Accordingly, Plaintiffs are permitted to introduce evidence of the capacities and existence of the Holland and Groton plants and of the dates of those plants' closures but are precluded from offering evidence about the job loss resulting from those closures, any charitable or educational programs in which the plants were involved, or photographic evidence of the demolition of the plants, pursuant to this Court's analysis under Federal Rules of Evidence 402 and 403.

XII. THE PARTIES' CONDUCT IN DISCOVERY

Defendants move to preclude Plaintiffs from introducing evidence of Defendants' alleged failure to comply with their discovery obligations pursuant to Federal Rules of Evidence 402 and 403.

This motion is labeled as Defendants' motion in limine number five.

Plaintiffs complain that Purepac refused to produce samples of its product, asserting only that the product did not materially differ from what was outlined in its ANDA, and raised certain theories only during expert discovery. Notably, Plaintiffs cited no case law in support of their contention that Defendants are not permitted to amend their theories during expert discovery.

Based on the parties' briefs on this motion, it appears that much of the evidence at issue is included in Dr. Taylor's expert reports. This Court has excluded the bulk of Dr. Taylor's testimony in its two Daubert opinions.

If these issues posed problems during discovery — as Plaintiffs claim they did — Plaintiffs should have sought discovery sanctions at the appropriate time.

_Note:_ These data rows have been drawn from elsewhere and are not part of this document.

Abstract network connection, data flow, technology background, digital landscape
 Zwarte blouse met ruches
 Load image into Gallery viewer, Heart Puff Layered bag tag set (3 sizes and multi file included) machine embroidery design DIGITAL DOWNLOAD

To seek to adduce evidence at trial about claimed improprieties during discovery, without having sought and obtained discovery sanctions, would permit Plaintiffs to circumvent the deadlines for discovery motions and would inject extrinsic issues about discovery compliance into the trial.

Accordingly, Plaintiffs will be barred from introducing evidence of Defendants' alleged failures to comply with their discovery obligations.

XIII. PLAINTIFFS' SPENDING ON RESEARCH AND DEVELOPMENT

Defendants seek to preclude evidence of Plaintiffs' spending on research and development pursuant to Federal Rules of Evidence 402 and 403.

This motion is labeled as Defendants' motion in limine number six.

Plaintiffs plan to offer evidence of their research and development efforts as (1) part of the description of their business and (2) relevant to both damages and to the validity of the `482 Patent.

A. Background Information

The background information Plaintiffs seek to offer, including evidence as to their research and development programs, is nearly identical to that proffered by Defendants, who also cite their research and development efforts in setting forth basic information about their businesses.

B. Damages and Validity of the `482 Patent

Plaintiffs' experts Dr. Beutel and Dr. Grabowski opine as to the role research and development plays in Plaintiffs' profit margins, which are directly relevant to the reasonable royalty negotiation the jury may consider in the damages phase of the trial. Dr. Beutel opines, for example, that the parties to the hypothetical negotiation would have no overlapping negotiating range. This is, in his view, in part because Plaintiffs would need to recoup their research and development costs. The jury may consider Dr. Beutel's testimony and other evidence about Plaintiffs' spending on research and development should it need to determine a reasonable royalty. To the extent Defendants are concerned that the jury will be confused by this evidence and will seek to award Plaintiffs their costs in developing Neurontin, that concern will no doubt be cured by appropriate jury instructions as to how damages should be determined and the definition of a reasonable royalty.

A reasonable royalty "may be based upon an established royalty, if there is one, or if not, upon the supposed result of hypothetical negotiations between the plaintiff and defendant. The hypothetical negotiation requires the court to envision the terms of a licensing agreement reached as the result of a supposed meeting between the patentee and the infringer at the time infringement began." Rite-Hite Corp. v. Kelley Co., 56 F.3d 1538, 1554 (Fed. Cir. 1995) (internal citations omitted).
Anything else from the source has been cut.